As I read Elizabeth's story this weekend, I was struck with her
faith. I love that instead of complaining about her circumstances, she sees the
lessons learned and the hand of God in her life. I would imagine that she
couldn't have ALWAYS been super happy about her circumstances, but she was able
to look at the good in them.
It reminded me of this quote that I read from LDS Author Dean
Hughes. He said, “It occurred to me long ago that maybe, as
the pioneer children walked and walked and walked and walked — and walked, they
didn't really always sing and sing and sing and sing — and sing. Sometimes,
maybe, they complained a little or even said, "Are we there
yet?"
I have a feeling that people were people in the 19th century,
and not very different from us. And yet, we know what they had to suffer.
We've developed a stereotype for those hearty Mormon pioneers.

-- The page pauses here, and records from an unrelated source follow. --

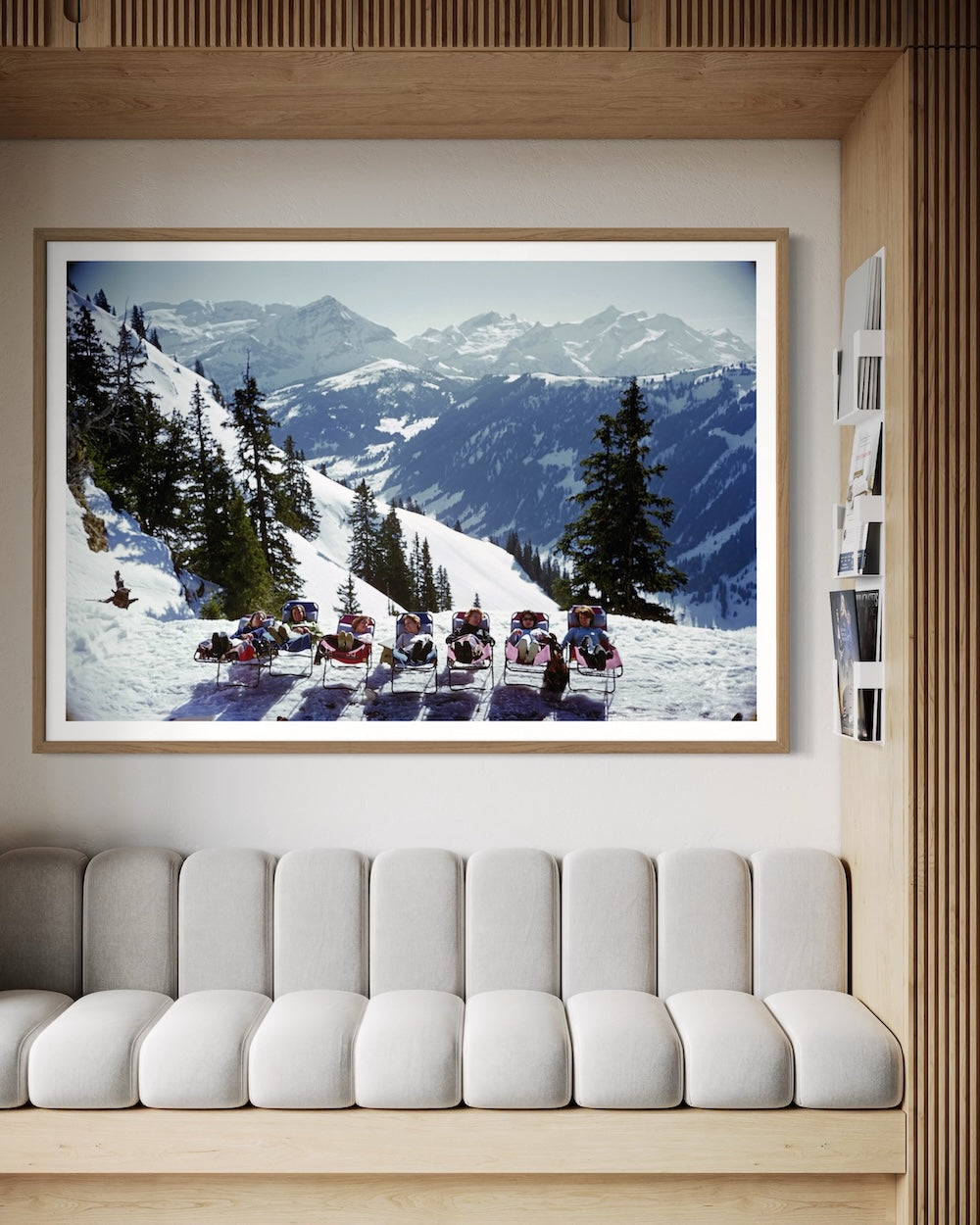 Ski Chalet featuring a Slim Aarons framed photograph of Lounging in Verbier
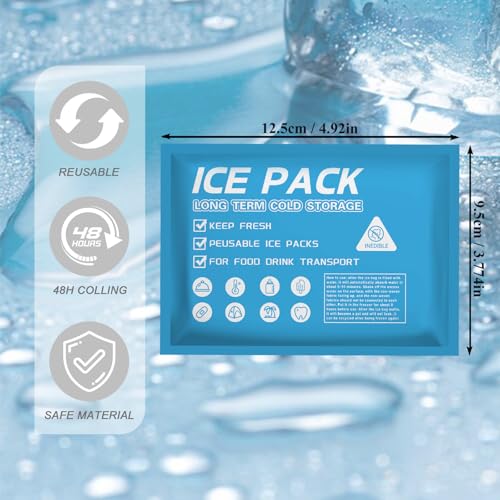 50 Water-Activated Ice Packs for Coolers - Reusable Gel Freezer Packs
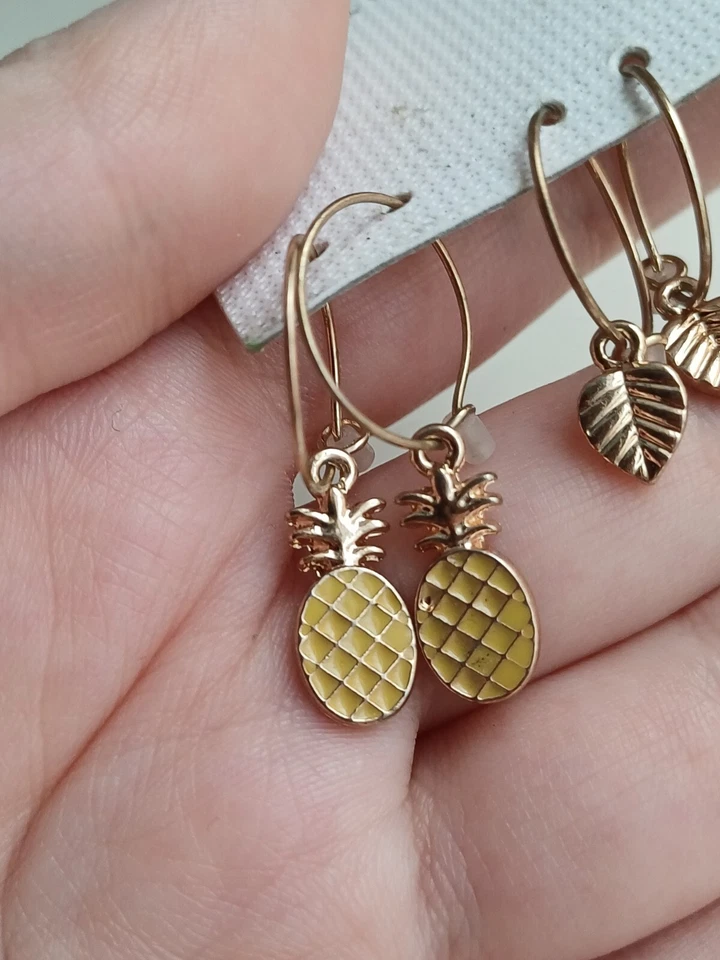 New Accessorize 3 Pair Of Tropical Themed Enamle Hoop Earrings - Image 3 of 4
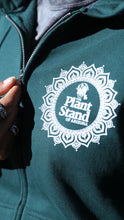 Load image into Gallery viewer, Plant Stand Mandala Green Zip-Up Hoodie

We speak of them almost as though they were superhuman. We say, "I just
couldn't survive all the things they went through." But let me ask, is
that the right lesson for us to learn?
Why speak of our noble forebears if we're only going to use them
to convince ourselves that we aren't up to much by comparison? I think the
right conclusion is that pioneers were regular people who did what they were
called upon to do and we honor those who triumphed. But the point is, they did
what they did, still possessing all the human weaknesses we deal with. Many of
them rose to the occasion and did the hard things. That ought to be a lesson to
us: We can do the same. We, too, can do hard things.”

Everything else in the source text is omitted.